Despite the fact that the most recent data on economic activity in Mexico has improved, internal obstacles that may limit growth remain, so the government should look for schemes that allow imprinting of its priorities but without closing productive activities or entering private sector participation or Discouraging investment, which is what CEESP considers.
In its executive economic analysis, the Center for European Economic and Social Studies indicated that the International Monetary Fund has corrected its growth forecast for Mexico from 4.3% to 5.0% for this year; In addition, indicators of confidence, both for the consumer and the company, maintain a monthly progress that reflects greater optimism, or rather less pessimism.

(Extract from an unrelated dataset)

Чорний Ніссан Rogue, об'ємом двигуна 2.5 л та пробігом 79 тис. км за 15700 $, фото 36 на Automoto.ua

“The dynamic of the United States economy that has been seen, in addition to the recent acceleration of the vaccination process can, without a doubt, positively affect consumption and economic activity with a spillover into our country.” However, CEESP pointed to internal obstacles that might limit growth: slow vaccination, low investment, and lack of dynamism in consumption. Vaccines continue to arrive in the country. As of April 5, 15.2 million vaccines have been received, of which 9.3 million have been applied. However, the application rate is low. “
For CEESP, another obstacle to the country’s economic revitalization, and perhaps the most important, is that a high level of uncertainty still results from the economic proposals and policies of the government and its party. This, to the extent that the goal appears to have been to discourage investment rather than facilitate it. Therefore, he urged that investment not be deterred because there was no justification for closing activities.